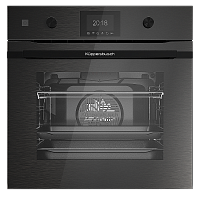    Kuppersbusch BP 6350.0 GPH 6 Black Steel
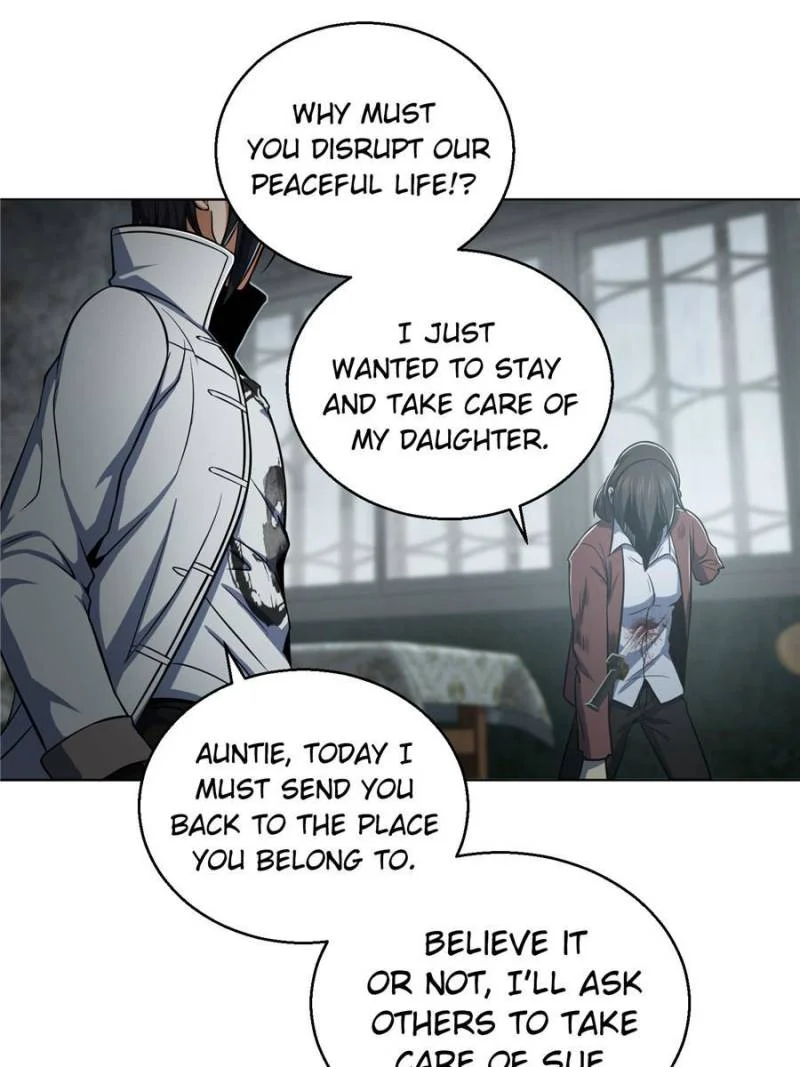 Another Beginning With the Guhuo Bird Chapter 24 - Page 45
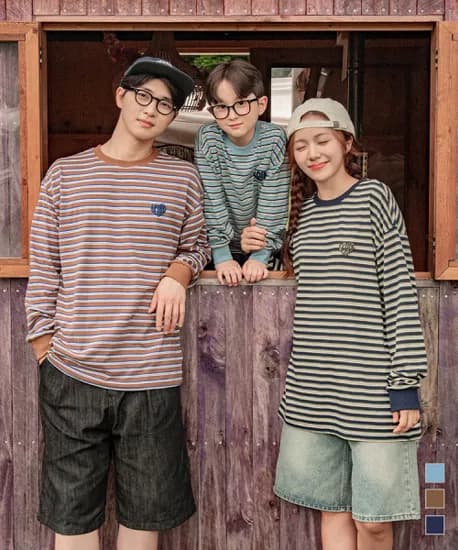 베리클로젯 키치 블렌딩 ST 티셔츠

*WORK REQUEST:* From the line holding "Another Beginning With" to the last line of the listing, please output each line exactly as it stands. Pictures stay out of the copy.

*RESULT:*
 Another Beginning With the Guhuo Bird Chapter 24 - Page 45
 베리클로젯 키치 블렌딩 ST 티셔츠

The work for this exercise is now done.